4.1 Investigation and Validation of High-resolution Turbulence Forecasting within Air Force Weather

Monday, 29 January 2024: 4:30 PM
317 (The Baltimore Convention Center)
Samuel J. Childs, PhD, United States Air Force, Offutt AFB, NE; and G. R. Brooks, S. A. Lack, S. Rentschler, and G. Creighton

Clear-air turbulence (CAT) is a growing concern for both commercial aviators and military interests, and recent research suggests that CAT episodes may increase in a warming climate. Progress in CAT forecasting techniques includes the conversion of turbulence predictors into Eddy Dissipation Rate (EDR), and machine learning (ML) approaches are also being developed. Yet, any turbulence forecasting method remains limited by inconsistent and biased observational data (Pilot Reports (PIREPs), EDR sensors, etc.), CAT types that vary by altitude (e.g., mountain-wave (MWT), thermal, and kinematic), and the pollution of CAT forecasts by convectively-induced turbulence. Within Air Force Weather, 1st Weather Group (1 WXG) produces operational upper- and lower-level turbulence forecasts using the Graphical Turbulence Guidance (GTG) algorithm fed with Global Air-Land Weather Exploitation Model (GALWEM) data, but recent feedback suggests that improved precision and vertical fidelity would benefit the current forecast charts.
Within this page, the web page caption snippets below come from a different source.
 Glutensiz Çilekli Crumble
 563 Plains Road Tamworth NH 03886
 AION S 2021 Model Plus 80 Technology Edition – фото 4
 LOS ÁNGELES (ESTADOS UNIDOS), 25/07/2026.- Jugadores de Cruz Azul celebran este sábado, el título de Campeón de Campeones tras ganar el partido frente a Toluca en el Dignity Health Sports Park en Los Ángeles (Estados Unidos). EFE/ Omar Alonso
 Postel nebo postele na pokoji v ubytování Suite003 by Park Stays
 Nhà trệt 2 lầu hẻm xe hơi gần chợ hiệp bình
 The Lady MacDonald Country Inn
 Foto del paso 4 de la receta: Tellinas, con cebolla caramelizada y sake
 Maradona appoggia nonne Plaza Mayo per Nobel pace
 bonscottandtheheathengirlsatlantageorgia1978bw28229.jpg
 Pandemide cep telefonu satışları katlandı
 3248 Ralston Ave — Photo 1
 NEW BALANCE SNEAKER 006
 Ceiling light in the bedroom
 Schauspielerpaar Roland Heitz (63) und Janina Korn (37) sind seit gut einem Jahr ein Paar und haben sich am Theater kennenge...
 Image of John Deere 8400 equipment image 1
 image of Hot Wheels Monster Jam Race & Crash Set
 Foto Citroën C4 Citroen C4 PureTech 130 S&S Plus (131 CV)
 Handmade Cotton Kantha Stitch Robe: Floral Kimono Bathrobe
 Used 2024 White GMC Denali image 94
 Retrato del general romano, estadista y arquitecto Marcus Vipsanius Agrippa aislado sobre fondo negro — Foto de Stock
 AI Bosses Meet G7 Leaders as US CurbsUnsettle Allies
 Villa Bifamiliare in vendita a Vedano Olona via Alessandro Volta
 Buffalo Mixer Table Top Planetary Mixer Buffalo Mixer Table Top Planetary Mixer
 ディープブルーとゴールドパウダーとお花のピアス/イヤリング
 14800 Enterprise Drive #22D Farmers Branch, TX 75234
In addition to these charts, the 16th Weather Squadron (16 WS) performs post-processing and tailoring of turbulence parameters and generates regional, high-resolution probabilistic forecasts from the Air Force Weather Ensemble Prediction Suite (AFWEPS). Despite some subjective feedback, verification and utility of these products remains difficult to measure objectively due to complexities in observational data.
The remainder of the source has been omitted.